Start of Record excerpts

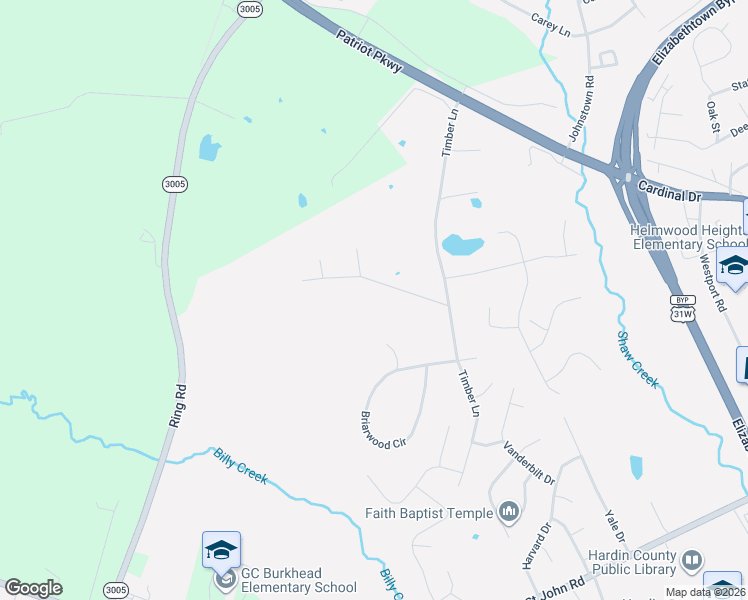 map of restaurants, bars, coffee shops, grocery stores, and more near 165 Mayapple Lane in Elizabethtown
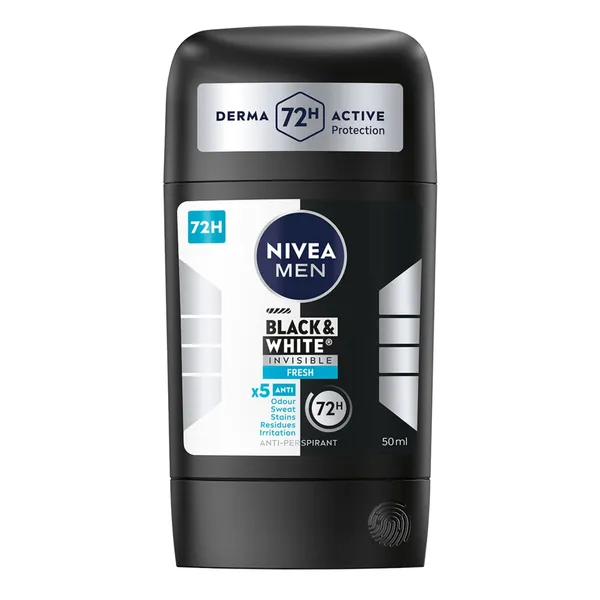 Antiperspirants zīmulis vīriešiem Nivea Men Black & White Invisible Fresh 50ml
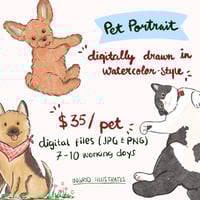 Digital Pet Portrait Dog & Cat Digital Watercolor Painting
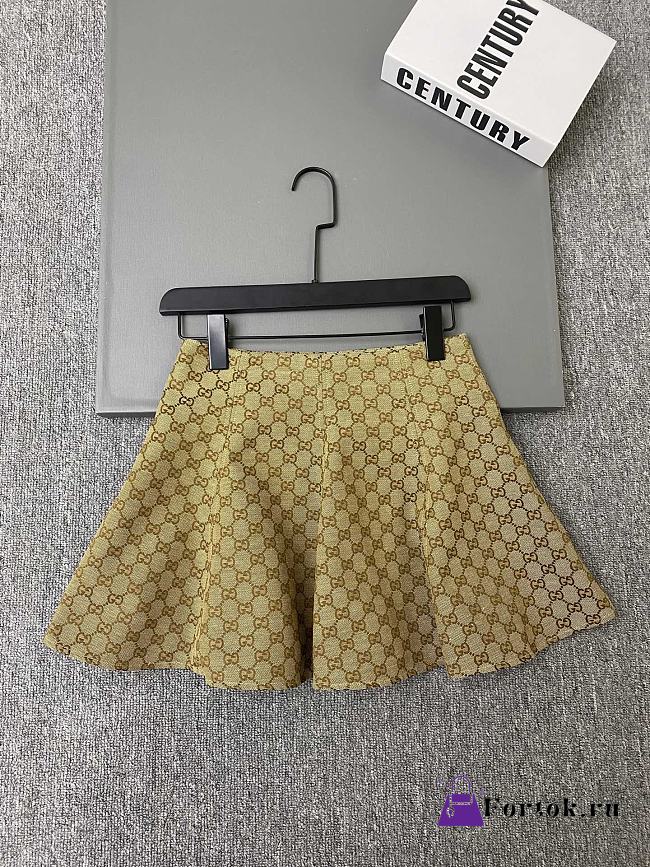 Fortok Gucci Sand-colored GG Cotton Canvas Flounced Skirt - 1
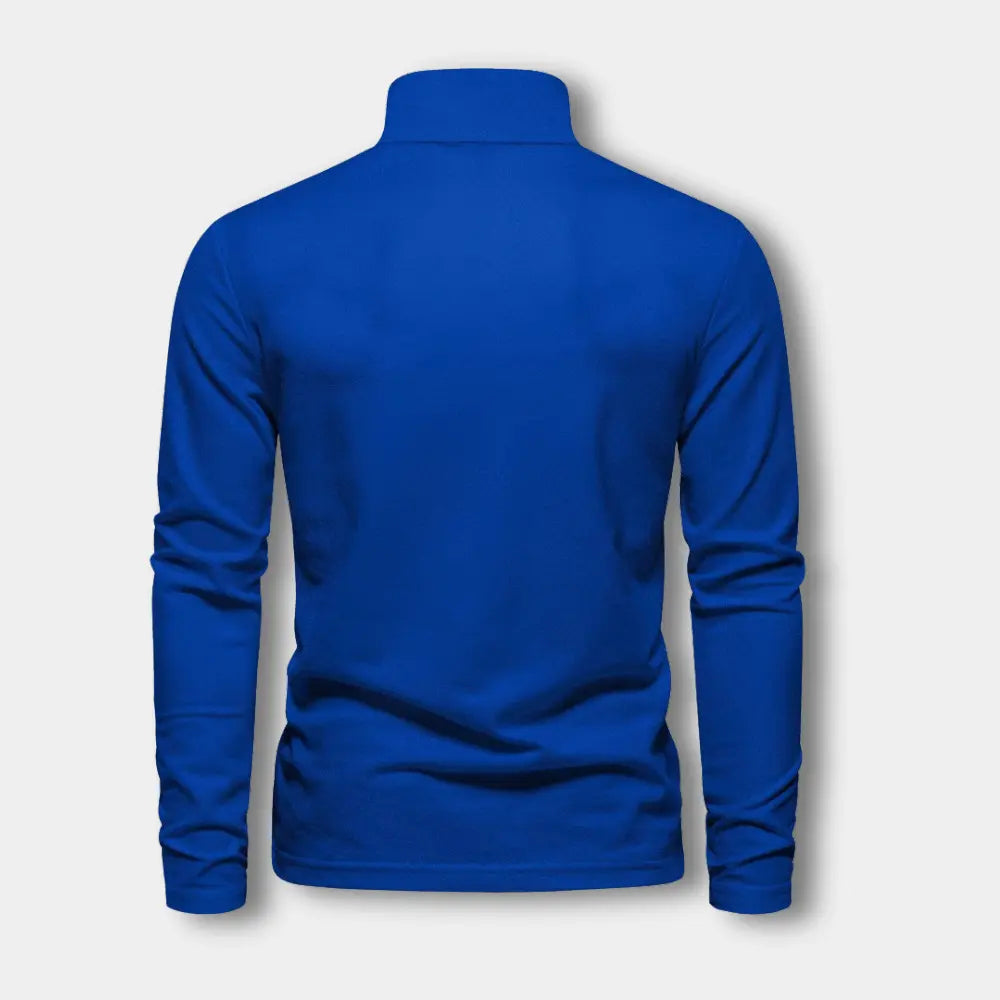 Polo homme à manches longues, col contrasté, trois boutons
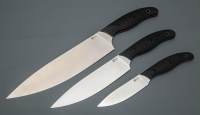 Набор кухонных ножей 3-ёх предметный "Патриот-1" сталь 95х18, ц/м рукояти, чёрный G10 (65960)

End of Record excerpts

**What you should do**
Transcribe all data precisely. Pictures are not copied.

**Exercise answer**
 map of restaurants, bars, coffee shops, grocery stores, and more near 165 Mayapple Lane in Elizabethtown
 Antiperspirants zīmulis vīriešiem Nivea Men Black & White Invisible Fresh 50ml
 Digital Pet Portrait Dog & Cat Digital Watercolor Painting
 Fortok Gucci Sand-colored GG Cotton Canvas Flounced Skirt - 1
 Polo homme à manches longues, col contrasté, trois boutons
 Набор кухонных ножей 3-ёх предметный "Патриот-1" сталь 95х18, ц/м рукояти, чёрный G10 (65960)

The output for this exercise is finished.